MAMCO musée d ́art moderne et contemporain

Luc Andrié

05 Jun - 15 Sep 2013

LUC ANDRIÉ
Bolaño
5 June - 15 September 2013

Ten years after his exhibition Rien d’aimable (’Nothing nice’), and five years after presenting his strange portraits of the painter in his underpants (which he refuses to call self-portraits) at the Printemps de Toulouse, Luc Andrié is back at Mamco with a series of nineteen paintings entitled Bolaño. There is no longer anything uncomfortable about his subjects, his virtuosity is now accepted—and yet there is a problem. In the words of a famous art historian, ’There’s nothing there.’

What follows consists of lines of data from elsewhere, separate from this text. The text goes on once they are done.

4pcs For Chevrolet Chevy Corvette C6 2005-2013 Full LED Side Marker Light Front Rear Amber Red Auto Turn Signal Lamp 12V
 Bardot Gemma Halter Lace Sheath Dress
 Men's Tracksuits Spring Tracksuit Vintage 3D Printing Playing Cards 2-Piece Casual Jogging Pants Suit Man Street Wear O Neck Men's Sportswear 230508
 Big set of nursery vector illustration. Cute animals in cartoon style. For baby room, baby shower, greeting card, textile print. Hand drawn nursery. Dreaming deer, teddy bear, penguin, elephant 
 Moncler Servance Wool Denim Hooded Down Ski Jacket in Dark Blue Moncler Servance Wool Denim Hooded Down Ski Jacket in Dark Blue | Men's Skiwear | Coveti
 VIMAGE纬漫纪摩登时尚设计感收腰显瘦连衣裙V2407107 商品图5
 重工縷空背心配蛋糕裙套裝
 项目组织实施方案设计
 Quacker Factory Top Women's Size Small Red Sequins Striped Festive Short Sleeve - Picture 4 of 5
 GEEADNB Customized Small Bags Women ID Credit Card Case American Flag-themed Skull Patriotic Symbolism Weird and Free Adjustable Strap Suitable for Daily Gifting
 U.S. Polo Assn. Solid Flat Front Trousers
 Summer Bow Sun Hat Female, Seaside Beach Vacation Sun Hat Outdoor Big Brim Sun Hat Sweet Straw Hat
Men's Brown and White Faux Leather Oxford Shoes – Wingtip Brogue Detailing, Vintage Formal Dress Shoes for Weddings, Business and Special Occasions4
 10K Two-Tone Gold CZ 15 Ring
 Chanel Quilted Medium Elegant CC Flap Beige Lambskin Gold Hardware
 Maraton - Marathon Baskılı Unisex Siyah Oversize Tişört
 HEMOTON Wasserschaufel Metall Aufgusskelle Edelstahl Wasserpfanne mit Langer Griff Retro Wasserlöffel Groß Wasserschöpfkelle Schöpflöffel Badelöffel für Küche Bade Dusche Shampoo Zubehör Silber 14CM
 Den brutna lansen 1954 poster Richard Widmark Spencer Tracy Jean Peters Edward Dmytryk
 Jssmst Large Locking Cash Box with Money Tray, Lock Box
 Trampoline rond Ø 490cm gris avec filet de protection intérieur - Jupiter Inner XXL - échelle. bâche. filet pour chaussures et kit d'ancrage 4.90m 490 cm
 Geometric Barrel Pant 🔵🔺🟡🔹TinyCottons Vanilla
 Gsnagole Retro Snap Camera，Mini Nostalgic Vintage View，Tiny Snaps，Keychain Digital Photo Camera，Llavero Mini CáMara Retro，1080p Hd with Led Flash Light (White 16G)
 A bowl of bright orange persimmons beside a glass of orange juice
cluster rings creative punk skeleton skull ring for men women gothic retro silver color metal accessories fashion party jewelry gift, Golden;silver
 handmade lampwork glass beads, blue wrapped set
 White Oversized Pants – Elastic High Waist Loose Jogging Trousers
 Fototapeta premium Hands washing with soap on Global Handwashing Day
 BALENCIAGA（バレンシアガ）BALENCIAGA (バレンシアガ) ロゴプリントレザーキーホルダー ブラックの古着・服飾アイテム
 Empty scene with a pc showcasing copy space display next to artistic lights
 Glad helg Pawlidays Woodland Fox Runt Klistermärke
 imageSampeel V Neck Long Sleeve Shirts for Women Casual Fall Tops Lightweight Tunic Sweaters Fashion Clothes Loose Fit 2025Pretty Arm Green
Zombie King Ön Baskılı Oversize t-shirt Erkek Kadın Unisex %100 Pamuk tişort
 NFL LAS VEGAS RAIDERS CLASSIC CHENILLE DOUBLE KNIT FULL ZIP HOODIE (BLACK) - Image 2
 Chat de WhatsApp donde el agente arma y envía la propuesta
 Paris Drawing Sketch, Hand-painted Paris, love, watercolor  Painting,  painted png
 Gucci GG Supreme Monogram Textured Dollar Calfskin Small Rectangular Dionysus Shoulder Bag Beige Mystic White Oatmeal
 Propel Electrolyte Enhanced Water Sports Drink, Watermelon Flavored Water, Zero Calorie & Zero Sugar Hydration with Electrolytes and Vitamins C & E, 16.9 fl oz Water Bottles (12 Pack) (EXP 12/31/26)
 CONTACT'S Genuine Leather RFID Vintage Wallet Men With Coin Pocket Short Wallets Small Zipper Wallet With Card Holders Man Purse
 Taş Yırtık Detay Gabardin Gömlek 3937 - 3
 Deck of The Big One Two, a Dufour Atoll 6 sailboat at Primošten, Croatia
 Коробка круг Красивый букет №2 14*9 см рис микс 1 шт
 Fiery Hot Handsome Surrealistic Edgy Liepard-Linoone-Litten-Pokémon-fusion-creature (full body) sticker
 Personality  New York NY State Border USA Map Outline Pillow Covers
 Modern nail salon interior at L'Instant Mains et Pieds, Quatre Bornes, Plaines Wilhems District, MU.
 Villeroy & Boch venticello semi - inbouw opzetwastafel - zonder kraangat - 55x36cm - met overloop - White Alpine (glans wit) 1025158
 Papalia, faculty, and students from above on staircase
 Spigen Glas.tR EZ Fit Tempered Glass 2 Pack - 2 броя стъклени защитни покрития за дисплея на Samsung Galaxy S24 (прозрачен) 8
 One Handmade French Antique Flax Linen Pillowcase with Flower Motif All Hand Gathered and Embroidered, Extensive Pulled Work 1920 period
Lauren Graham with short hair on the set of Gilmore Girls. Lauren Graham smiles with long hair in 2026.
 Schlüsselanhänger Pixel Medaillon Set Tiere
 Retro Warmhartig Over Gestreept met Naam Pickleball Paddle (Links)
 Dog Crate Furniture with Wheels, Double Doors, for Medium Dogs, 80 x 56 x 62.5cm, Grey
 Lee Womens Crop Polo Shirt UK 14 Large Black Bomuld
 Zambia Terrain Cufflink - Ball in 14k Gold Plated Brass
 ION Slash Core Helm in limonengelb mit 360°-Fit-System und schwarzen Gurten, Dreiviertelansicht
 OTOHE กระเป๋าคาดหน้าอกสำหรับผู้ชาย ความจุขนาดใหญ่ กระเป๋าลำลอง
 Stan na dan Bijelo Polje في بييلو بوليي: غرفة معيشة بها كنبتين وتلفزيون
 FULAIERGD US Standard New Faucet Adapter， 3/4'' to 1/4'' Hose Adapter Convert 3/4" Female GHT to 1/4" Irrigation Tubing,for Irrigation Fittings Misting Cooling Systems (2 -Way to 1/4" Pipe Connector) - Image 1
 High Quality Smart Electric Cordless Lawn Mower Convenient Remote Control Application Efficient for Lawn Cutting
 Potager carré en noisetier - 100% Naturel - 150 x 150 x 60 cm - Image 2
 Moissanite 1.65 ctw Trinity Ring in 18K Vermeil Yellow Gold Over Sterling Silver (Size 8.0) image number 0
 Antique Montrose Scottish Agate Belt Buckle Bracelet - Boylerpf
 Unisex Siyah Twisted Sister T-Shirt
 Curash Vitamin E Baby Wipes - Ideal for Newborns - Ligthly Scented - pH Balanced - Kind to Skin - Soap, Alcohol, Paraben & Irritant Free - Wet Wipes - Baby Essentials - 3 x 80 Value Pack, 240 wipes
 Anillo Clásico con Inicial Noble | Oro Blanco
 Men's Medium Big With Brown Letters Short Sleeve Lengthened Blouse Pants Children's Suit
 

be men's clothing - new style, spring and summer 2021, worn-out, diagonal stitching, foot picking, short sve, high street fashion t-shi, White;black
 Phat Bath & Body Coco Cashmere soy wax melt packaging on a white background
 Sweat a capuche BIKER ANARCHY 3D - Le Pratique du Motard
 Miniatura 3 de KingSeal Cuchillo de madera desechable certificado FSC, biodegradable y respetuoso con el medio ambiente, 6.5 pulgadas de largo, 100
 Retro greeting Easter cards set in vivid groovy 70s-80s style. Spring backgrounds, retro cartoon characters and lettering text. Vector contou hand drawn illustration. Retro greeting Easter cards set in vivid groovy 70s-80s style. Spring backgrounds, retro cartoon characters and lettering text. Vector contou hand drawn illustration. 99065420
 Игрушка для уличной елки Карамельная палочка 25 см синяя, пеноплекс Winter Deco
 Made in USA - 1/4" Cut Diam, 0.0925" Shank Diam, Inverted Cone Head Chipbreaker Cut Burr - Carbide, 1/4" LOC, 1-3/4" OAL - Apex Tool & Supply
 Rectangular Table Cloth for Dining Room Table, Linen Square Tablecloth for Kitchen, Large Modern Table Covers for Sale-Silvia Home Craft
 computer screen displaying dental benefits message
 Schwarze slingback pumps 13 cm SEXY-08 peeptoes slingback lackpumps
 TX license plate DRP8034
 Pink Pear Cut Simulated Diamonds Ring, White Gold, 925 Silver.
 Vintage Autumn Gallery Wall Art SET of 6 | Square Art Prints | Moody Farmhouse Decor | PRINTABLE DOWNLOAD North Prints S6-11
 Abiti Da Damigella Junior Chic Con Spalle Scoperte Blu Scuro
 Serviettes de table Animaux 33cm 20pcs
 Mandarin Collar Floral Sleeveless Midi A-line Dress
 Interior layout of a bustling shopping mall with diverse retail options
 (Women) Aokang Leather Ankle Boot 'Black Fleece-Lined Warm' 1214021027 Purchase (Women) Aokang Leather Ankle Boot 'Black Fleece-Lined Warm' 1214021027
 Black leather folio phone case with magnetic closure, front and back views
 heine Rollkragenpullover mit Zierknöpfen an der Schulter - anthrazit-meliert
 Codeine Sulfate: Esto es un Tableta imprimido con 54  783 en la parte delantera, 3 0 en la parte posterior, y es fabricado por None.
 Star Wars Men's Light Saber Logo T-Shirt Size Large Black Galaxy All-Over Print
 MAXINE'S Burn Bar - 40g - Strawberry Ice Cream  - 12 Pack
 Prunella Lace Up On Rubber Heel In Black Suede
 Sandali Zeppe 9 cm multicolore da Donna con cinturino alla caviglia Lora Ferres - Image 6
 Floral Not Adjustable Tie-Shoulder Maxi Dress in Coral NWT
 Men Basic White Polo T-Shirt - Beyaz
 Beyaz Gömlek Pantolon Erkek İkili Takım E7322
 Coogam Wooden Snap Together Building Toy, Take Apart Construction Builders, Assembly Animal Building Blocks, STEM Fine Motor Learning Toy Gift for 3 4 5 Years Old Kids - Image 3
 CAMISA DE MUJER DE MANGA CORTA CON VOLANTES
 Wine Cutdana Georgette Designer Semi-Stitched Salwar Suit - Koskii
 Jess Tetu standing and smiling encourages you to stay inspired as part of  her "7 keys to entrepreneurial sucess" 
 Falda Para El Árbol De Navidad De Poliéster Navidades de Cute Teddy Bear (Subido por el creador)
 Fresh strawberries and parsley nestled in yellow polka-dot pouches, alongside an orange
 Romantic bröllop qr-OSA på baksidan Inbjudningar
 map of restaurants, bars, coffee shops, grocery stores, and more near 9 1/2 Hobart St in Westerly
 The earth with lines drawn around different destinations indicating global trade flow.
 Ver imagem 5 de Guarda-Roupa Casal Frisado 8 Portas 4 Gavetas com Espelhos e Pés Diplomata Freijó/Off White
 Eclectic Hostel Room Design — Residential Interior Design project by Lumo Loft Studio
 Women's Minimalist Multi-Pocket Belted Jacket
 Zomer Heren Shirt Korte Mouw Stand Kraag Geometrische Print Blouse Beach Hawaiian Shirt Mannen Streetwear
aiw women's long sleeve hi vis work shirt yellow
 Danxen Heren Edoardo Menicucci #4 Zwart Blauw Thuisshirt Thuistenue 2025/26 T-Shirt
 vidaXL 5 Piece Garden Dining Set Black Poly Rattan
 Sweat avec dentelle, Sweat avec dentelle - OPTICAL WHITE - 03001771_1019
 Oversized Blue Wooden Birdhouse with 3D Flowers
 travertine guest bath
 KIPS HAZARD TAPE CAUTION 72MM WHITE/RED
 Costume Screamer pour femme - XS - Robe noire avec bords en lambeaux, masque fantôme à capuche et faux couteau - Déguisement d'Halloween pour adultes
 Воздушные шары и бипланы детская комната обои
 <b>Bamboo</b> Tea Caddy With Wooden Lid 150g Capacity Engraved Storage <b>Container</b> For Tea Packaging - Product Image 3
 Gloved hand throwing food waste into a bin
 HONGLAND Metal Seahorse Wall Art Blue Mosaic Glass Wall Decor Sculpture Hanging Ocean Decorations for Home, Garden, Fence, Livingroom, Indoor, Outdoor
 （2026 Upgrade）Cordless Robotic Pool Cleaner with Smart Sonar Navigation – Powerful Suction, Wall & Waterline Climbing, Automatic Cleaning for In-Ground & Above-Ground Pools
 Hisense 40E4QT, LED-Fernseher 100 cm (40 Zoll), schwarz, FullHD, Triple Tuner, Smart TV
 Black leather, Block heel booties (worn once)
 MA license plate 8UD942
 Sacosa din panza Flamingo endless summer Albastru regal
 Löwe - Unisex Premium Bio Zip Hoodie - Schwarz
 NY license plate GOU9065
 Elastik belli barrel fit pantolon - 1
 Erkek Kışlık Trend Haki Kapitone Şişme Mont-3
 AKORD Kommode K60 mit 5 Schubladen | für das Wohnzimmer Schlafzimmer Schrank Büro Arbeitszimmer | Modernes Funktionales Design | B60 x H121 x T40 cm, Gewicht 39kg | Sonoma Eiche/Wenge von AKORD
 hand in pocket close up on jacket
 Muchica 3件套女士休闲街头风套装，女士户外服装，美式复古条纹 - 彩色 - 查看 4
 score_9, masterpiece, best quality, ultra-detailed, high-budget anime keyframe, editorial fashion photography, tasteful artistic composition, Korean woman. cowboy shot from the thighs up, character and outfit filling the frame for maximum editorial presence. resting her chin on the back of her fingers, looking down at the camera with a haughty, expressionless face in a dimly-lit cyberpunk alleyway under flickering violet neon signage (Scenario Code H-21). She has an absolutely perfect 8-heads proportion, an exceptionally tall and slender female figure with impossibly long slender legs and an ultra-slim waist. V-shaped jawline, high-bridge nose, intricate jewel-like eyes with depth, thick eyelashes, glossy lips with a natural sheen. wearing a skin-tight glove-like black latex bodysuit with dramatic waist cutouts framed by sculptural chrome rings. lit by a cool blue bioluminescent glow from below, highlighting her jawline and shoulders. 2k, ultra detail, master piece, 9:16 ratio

The previous exhibition in the Cabinet des abstraits presented the photographic work of Pierre-Olivier Arnaud, in which the image had so little contrast that it seemed about to vanish into indeterminate greyness. In this sense, Luc Andrié provides a kind of continuity with his pale rectangles in unrewarding tones—grey-green with the odd hint of pink. The persevering viewer sees a face gradually emerging, but you have to look at it for a long time to make out a gaze that becomes a face, a closed face—and eventually realise that it is always the same one.
The face belongs to the Chilean poet and novelist Roberto Bolaño, who died ten years ago. Andrié became his travelling companion—an imaginary conversation partner. Moved by Bolaño’s sober yet shocking texts that tell without pathos of uprootedness, human misery and the depth of feeling—in short, the difficulty of being a poet—he wanted to prolong his encounter with the author. The nineteen paintings thus relate this silent consultation between painter and writer, the artist’s approach to this now mythical island in the archipelago of literature, in a Borgesian light. Each painting embolies the reading of the nineteen books by Bolaño that have been translated into French, from which each title selects a word that links the painter to the author.
But Andrié is not content just to pay tribute. His work as a painter also involves tackling the difficulties of his medium. What is the place—not to say legitimacy—of painted portraits in this day and age? How can you express what photography cannot, and how can you tackle the legacy of the portrait’s history? Such questions would suffice to wipe out the image, and hence—metaphorically speaking—they filter or obstruct its perception. And yet the face remains, like the painting. ’Disappearance isn’t my thing,’ says Andrié, ’it’s too romantic for me.’ This seems a paradoxical statement, given the care the painter takes to let the face emerge only in small stages, as though it had to pass through the hundred or so layers that lend his paintings pictorial depth. Yet he sees the persistence of the real and the face despite the filters—the screens that hide the picture or, in Bolaño’s writing, the violence that obliterates poetic activity.
The portraits of Bolaño are all derived from a single image found on the Internet. Painting from photography is a practice as old as Niépce and Daguerre’s invention itself, for painters have always considered that they can capture on the canvas something of the ’domain of the impalpable and the imaginary’ upon which photography should not be allowed to ’encroach’ (Baudelaire, The Salon of 1859). In Luc Andrié’s work, the shift from photographic to painted image adds an important time dimension. The instantaneous snapshot is drawn out into a laborious process of successive coatings, in which tones are nuanced through transparency. The result is a painted image, one that is very hard to photograph and is only very gradually revealed to our eyes. Thus, in contrast to the immediacy of the photograph—from snapshot to viewing—the experience of painting is closer to that of literature, in which our gaze advances and progresses step by step, entering a world in which what we see must be enhanced by what we imagine.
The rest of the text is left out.